We need to fix GDPR’s biggest failure: broken cookie notices

The user experience of browsing the web is worse than ever. Even if you only spend a tiny amount of time online, it’s impossible to escape cookie consent notices. They’re the intrusive banners and blocks that appear each time you visit a new website that collects data about you through cookies. Each is asking the same question: will you allow this website to collect your information?
The spread of these cookie notices is down to European legislation. A combination of GDPR and how it altered the ePrivacy Directive forced pretty much every site on the web to ensure people in Europe clicked ‘allow’.


The legal changes were meant to make understanding web tracking easier for everyone. But two years after the arrival of GDPR, cookie consent notices are a blight on the web. Researchers have found that they use dark patterns to trick people into clicking ‘yes’, with a lack of enforcement against websites that don’t comply with the rules – and a general lack of awareness of what the cookie notices are meant to achieve – creating a real mess.
“Usually people click to get it away because it’s really big on the screen,” says Estelle Massé, a senior policy analyst and global data protection lead at non-profit internet advocacy group Access Now. “You want to move on. You don’t actually read what is happening, you don’t actually know what you’re consenting to. It’s not really helpful as a tool.”
Cookie notices come in all shapes and sizes – however, they largely work in the same way. They’re in place to ask people to provide their consent for the website they’re visiting to collect information about them. On your phone, laptop or tablet, cookies exist as strings of text that contain information. The cookies are stored by web browsers and communicated with the servers of a website each time it is accessed. Often cookies exist as identifiers – a code that’s unique to you.
The types of information websites collect through cookies depends on what they do – an online clothes shop will gather different information than a news website, for instance. Cookies can collect information that helps websites to function, such as those that detect spam and the servers that are being accessed, or other information that can lead to personalisation and targeted advertising. A website can detect the online identifiers given to you by Google or Facebook’s advertising infrastructure, helping to determine your interests based on your browsing history and present adverts that you may be more likely to click on.
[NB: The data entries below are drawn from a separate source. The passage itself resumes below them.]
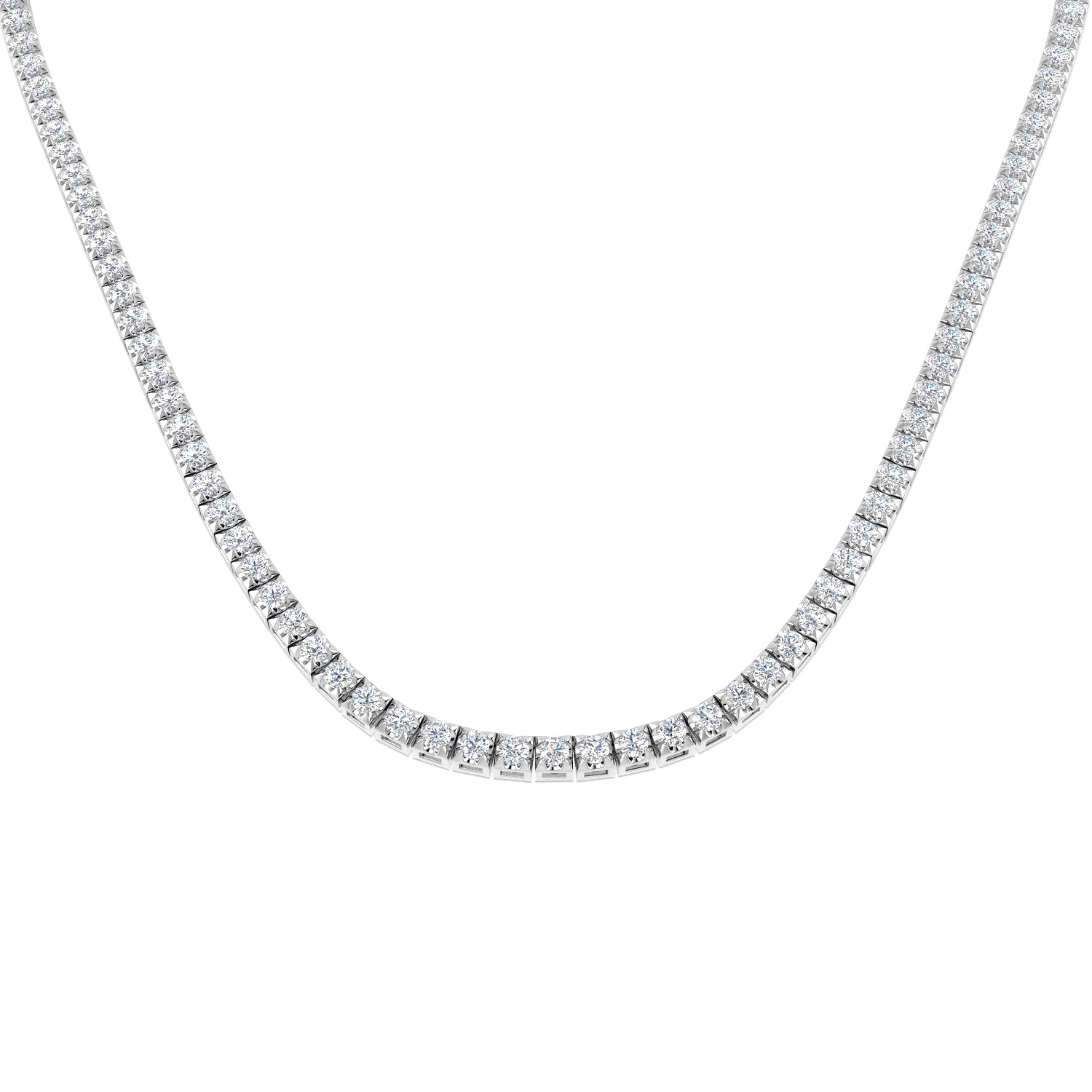 N9207-24 — Necklace - 9k White Gold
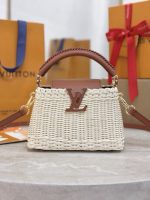 LV Capucines Mini Wicker Bag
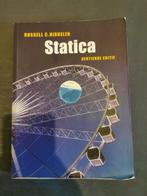 Statica studieboek Russell C. Hibbeler, Ophalen of Verzenden, Zo goed als nieuw, Werktuigbouwkunde, Russell C. Hibbeler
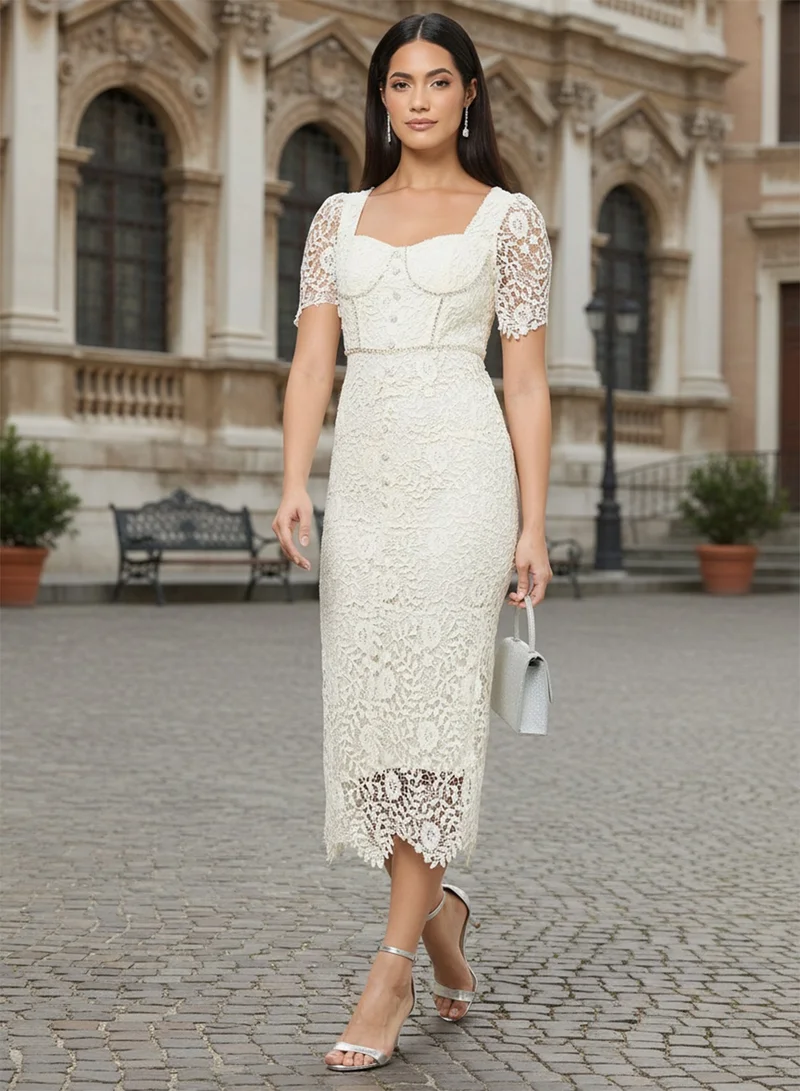Ella Limited Edition Lace Shift dress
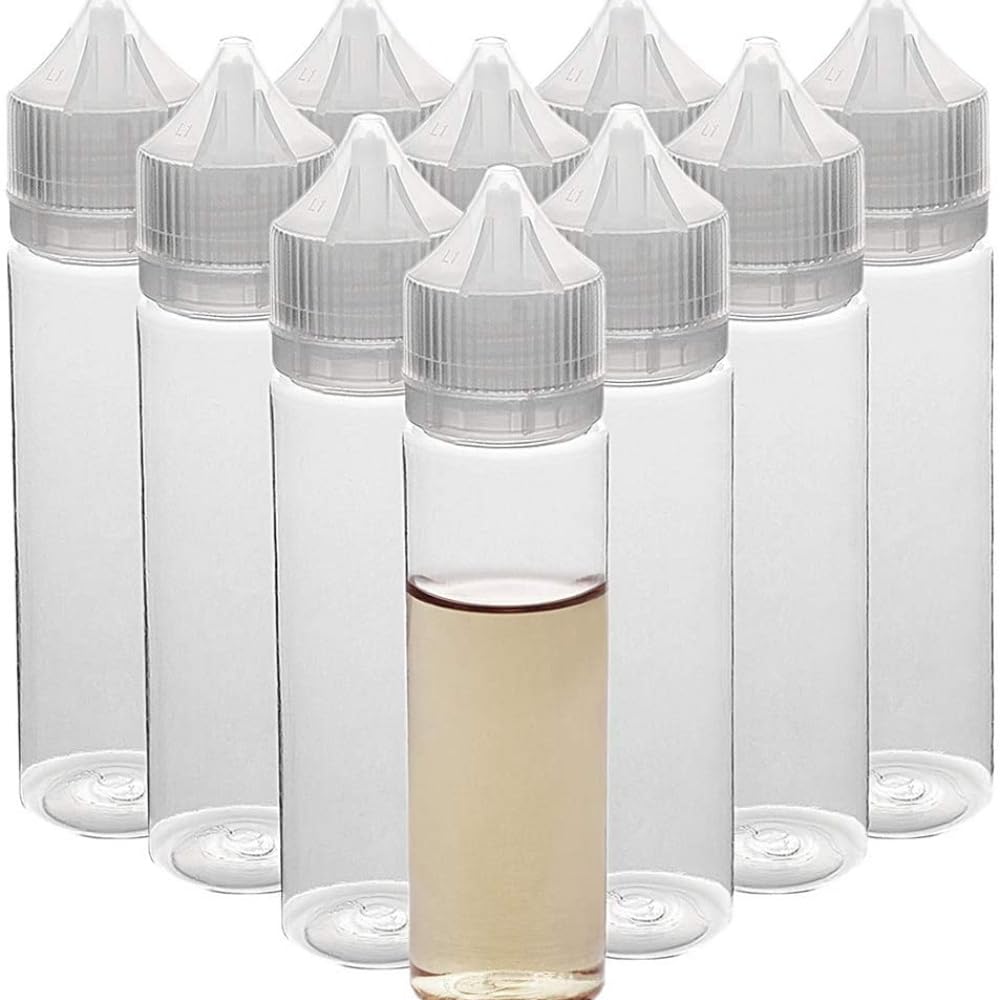 Transparente Dosierflaschen aus Kunststoff, leer, mit Drehverschluss, für Tinten, Öle, Flüssigkeiten, ätherische Öle, Farbe, Flüssigkeiten, Aufbewahrung von Flüssigkeiten, 50 Stück, 30 ml - 120 ml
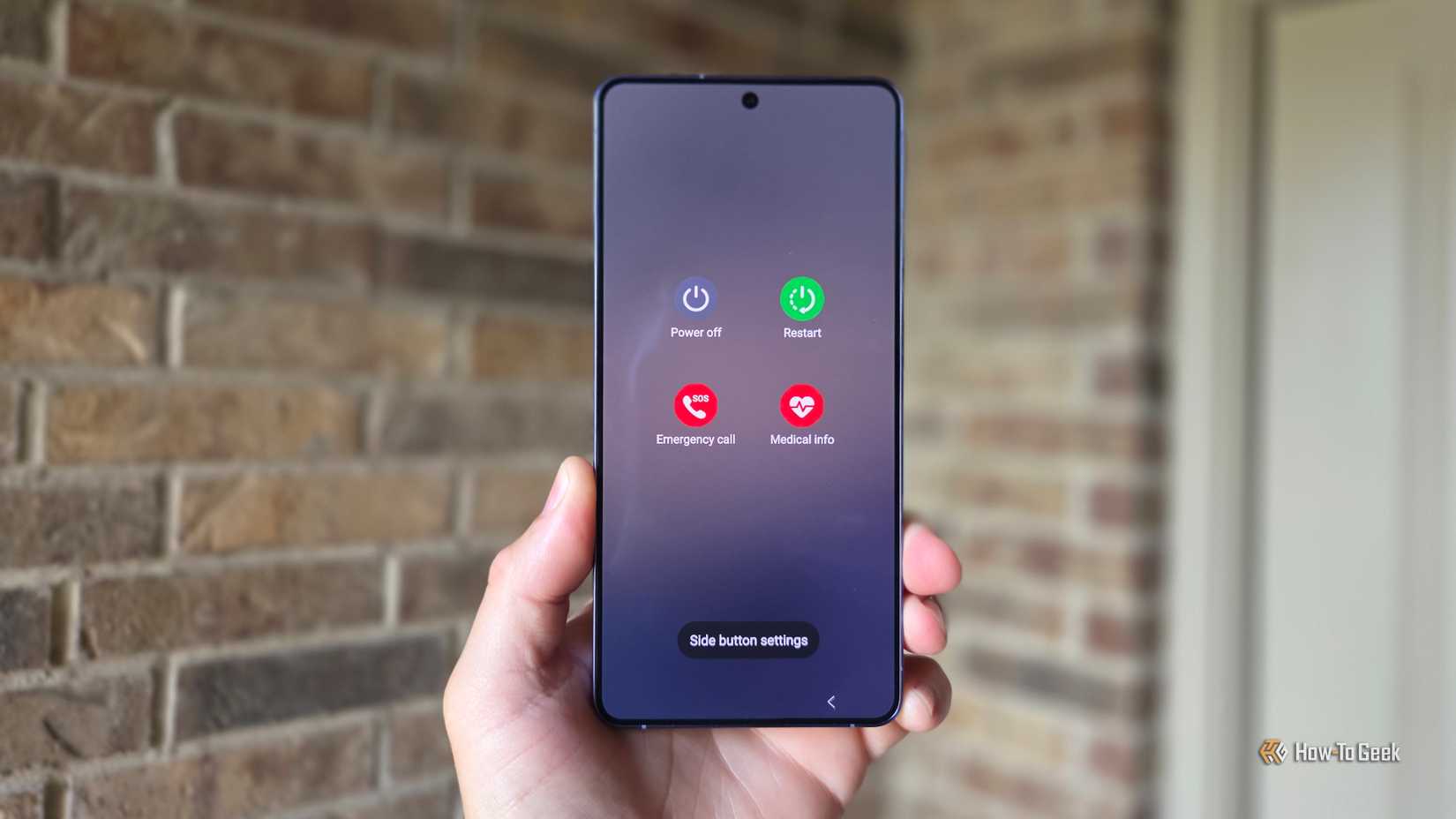 Samsung Galaxy S26 reboot, restart, power off menu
The introduction of GDPR caused a huge spike in cookie consent notices across the web. The legislation changed the definition of consent within the ePrivacy Directive, which was created almost two decades ago to manage digital privacy, and ultimately made websites move to a cookie setup where a user has to click to say they allow cookies to be collected on their device. (Pre-ticked consent boxes do not count as a way to obtain consent for cookies, European courts have ruled).
According to research published in October 2019, following the adoption of GDPR more than 60 per cent of popular websites in Europe show cookie consent notices. Two of the authors behind the research, Christine Utz and Martin Degeling from Ruhr-University Bochum, Germany, say the percentage has likely increased since they completed their research and the detail that websites provide in cookie consent notices has improved.
Their research paper looked at the different positions of cookie notices on websites (people are most likely to interact with a notice in the lower left of the screen), the choices offered and the wording of notices. “Given a binary choice, more users are willing to accept tracking compared to mechanisms that require them to allow cookie use for each category or company individually,” the paper says. “We also show that the widespread practice of nudging has a large effect on the choices users make.”
Cookie consent notices can show a bewildering array of options. On some websites the accept all cookies option is highlighted in a larger font or more eye-catching colour. They’re often configured to get people to accept everything without pausing to consider their choices. “Most people just click whatever button is bigger or brighter,” Degeling says. “Most of the websites still try to use dark patterns to get people to accept all cookies,” Utz adds.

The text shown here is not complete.